ACTIVITY:
In the listing beneath this line, copy exactly the lines starting with the one containing "Rustic 55'' Tall" and going on through the one containing "Merry Christmas Personalized".

THE DATA:

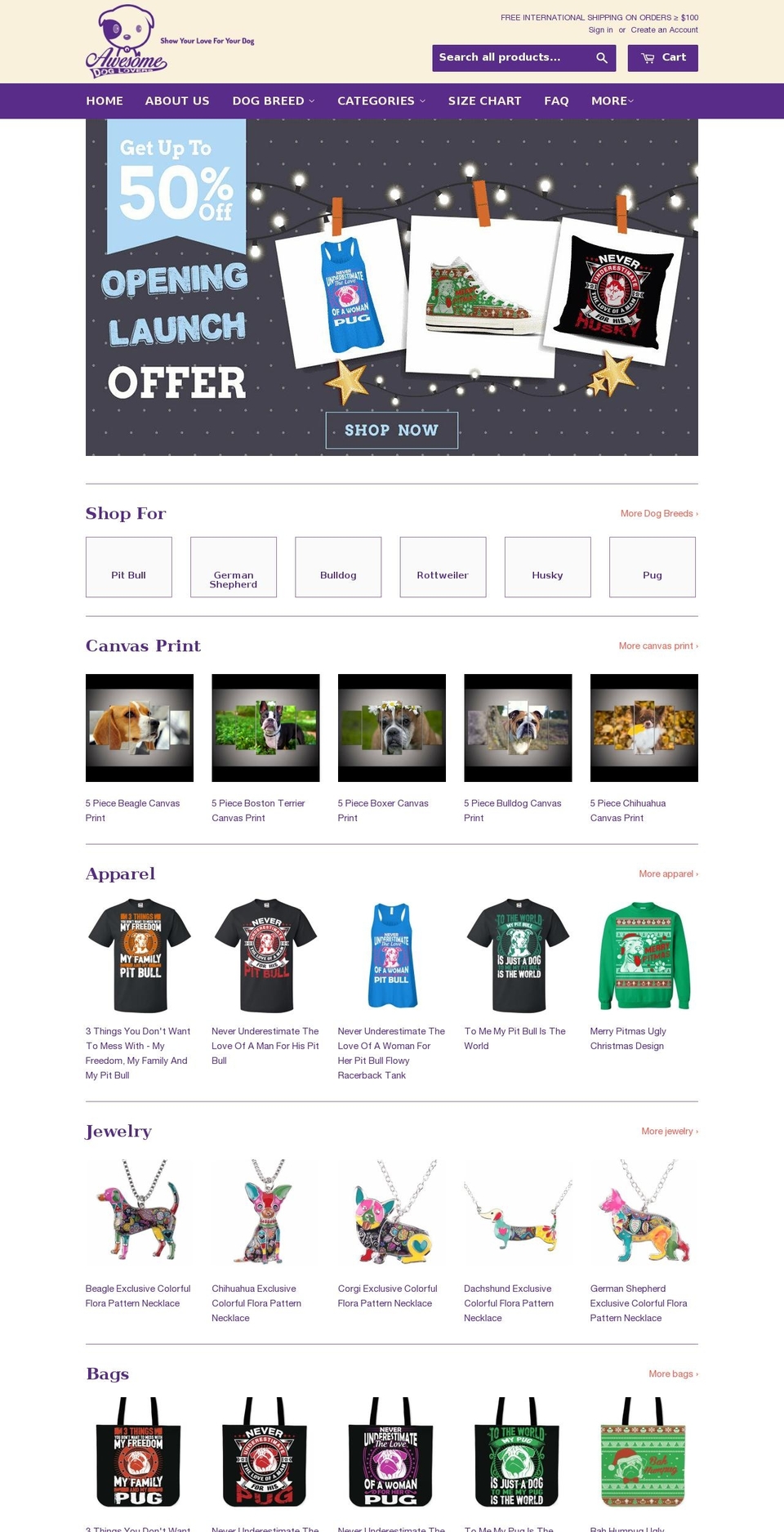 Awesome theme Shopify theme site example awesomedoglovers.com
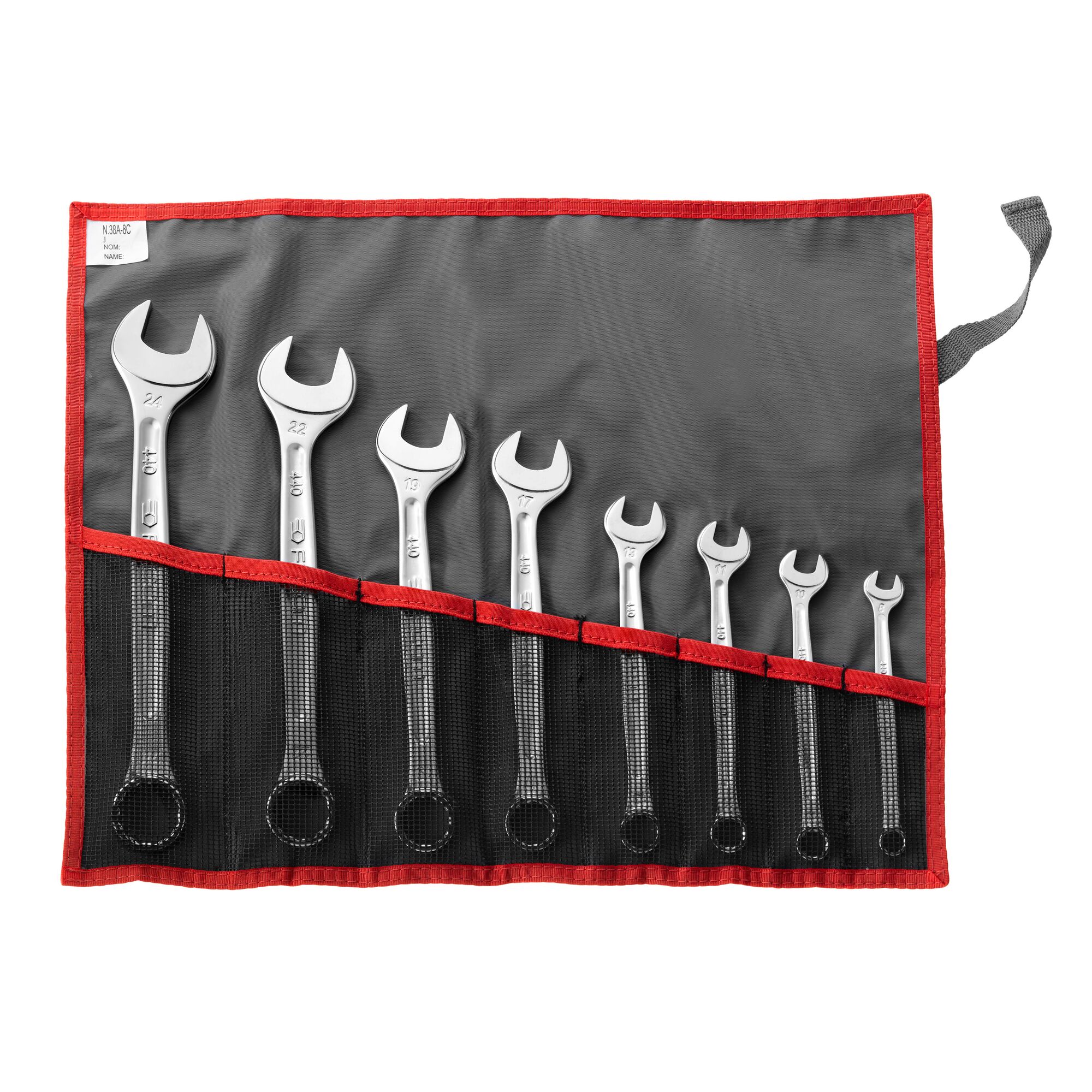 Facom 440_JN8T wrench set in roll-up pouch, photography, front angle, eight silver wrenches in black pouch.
--
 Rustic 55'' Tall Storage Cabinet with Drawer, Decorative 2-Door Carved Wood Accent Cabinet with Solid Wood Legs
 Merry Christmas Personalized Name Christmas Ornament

SOLUTION FOR THIS PROBLEM:
 Rustic 55'' Tall Storage Cabinet with Drawer, Decorative 2-Door Carved Wood Accent Cabinet with Solid Wood Legs
 Merry Christmas Personalized Name Christmas Ornament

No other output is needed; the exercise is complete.